◆ Information supplied
BEGIN

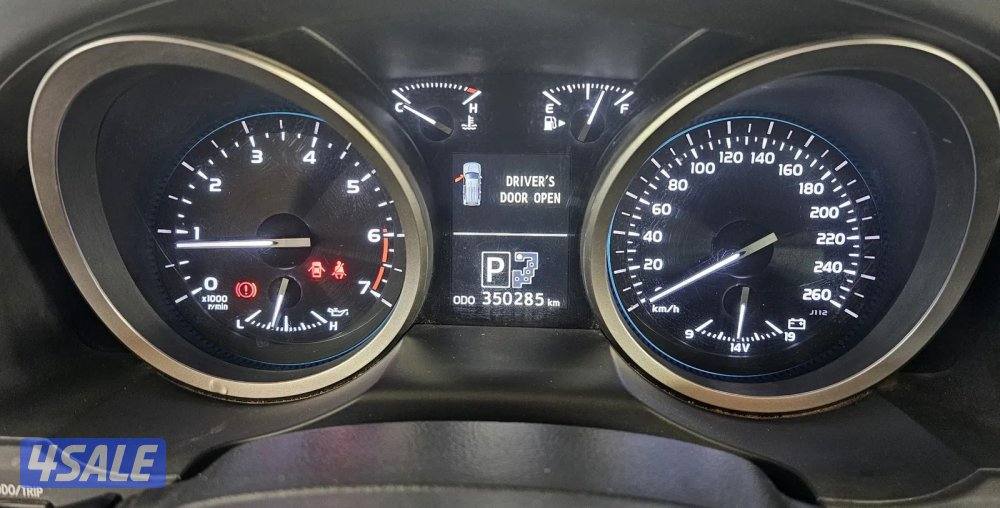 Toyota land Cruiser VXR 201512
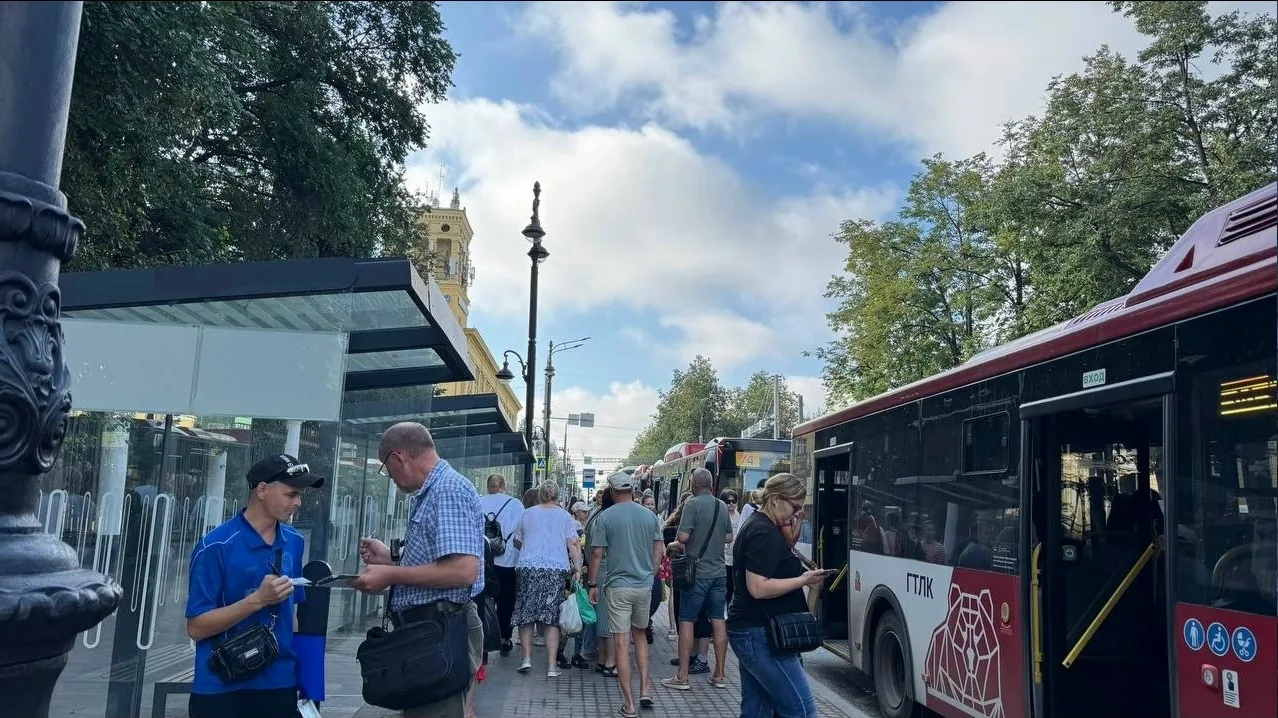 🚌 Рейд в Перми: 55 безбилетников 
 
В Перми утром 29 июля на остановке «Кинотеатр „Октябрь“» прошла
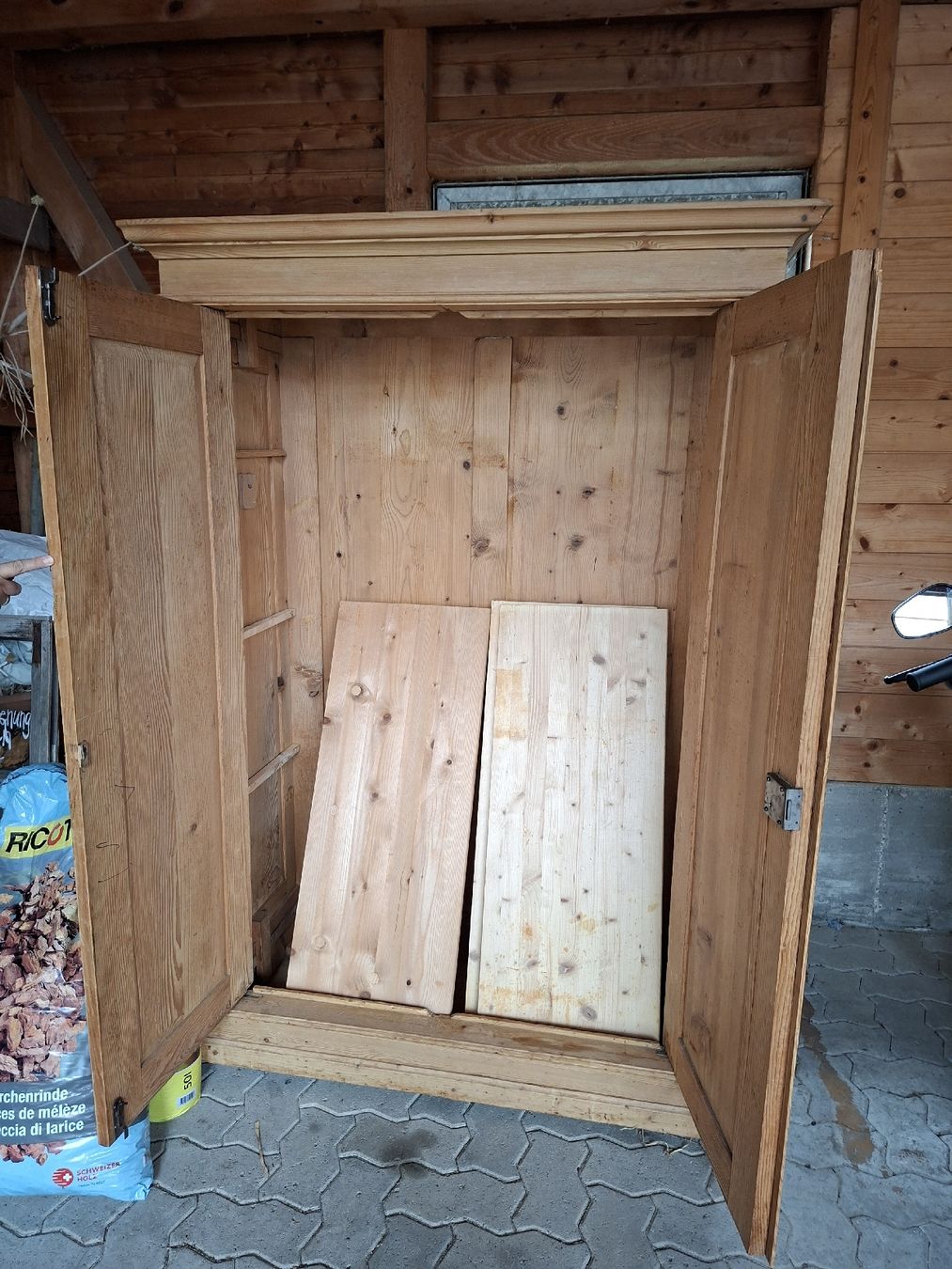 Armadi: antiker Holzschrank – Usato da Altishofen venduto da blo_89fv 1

END

◆ Task to complete
Once the pictures are set aside, transcribe the remaining lines above exactly.

◆ Answer section
 Toyota land Cruiser VXR 201512
 🚌 Рейд в Перми: 55 безбилетников 
 
В Перми утром 29 июля на остановке «Кинотеатр „Октябрь“» прошла
 Armadi: antiker Holzschrank – Usato da Altishofen venduto da blo_89fv 1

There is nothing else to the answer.